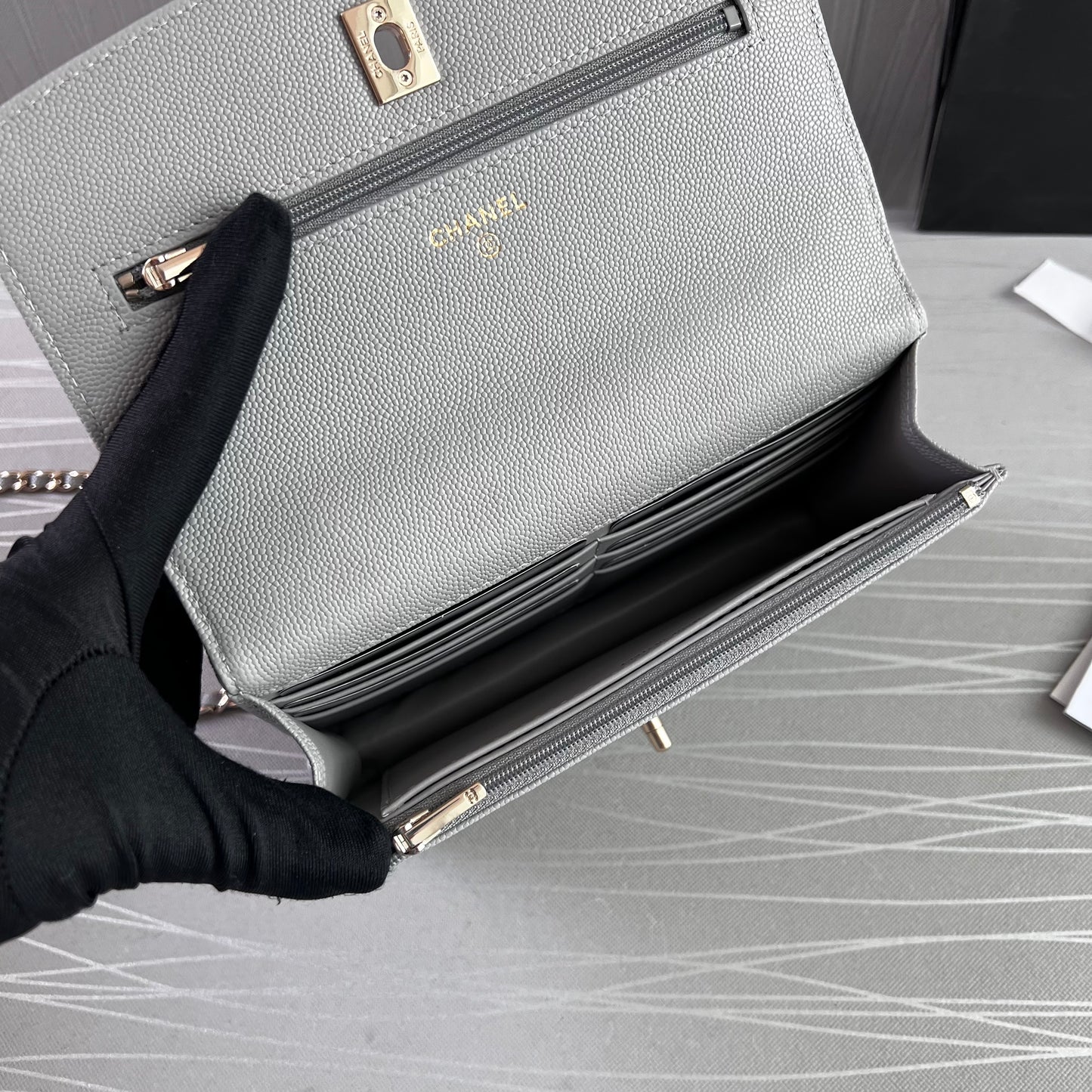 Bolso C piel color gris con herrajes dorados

____________________

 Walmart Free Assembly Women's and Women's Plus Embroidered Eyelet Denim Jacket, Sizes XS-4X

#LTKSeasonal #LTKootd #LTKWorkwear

____________________

Assignment: After locating the line with "Walmart Free Assembly" in the material above, return it and each line after it exactly, ending at the line with "#LTKSeasonal #LTKootd #LTKWorkwear".

Task response:
 Walmart Free Assembly Women's and Women's Plus Embroidered Eyelet Denim Jacket, Sizes XS-4X

#LTKSeasonal #LTKootd #LTKWorkwear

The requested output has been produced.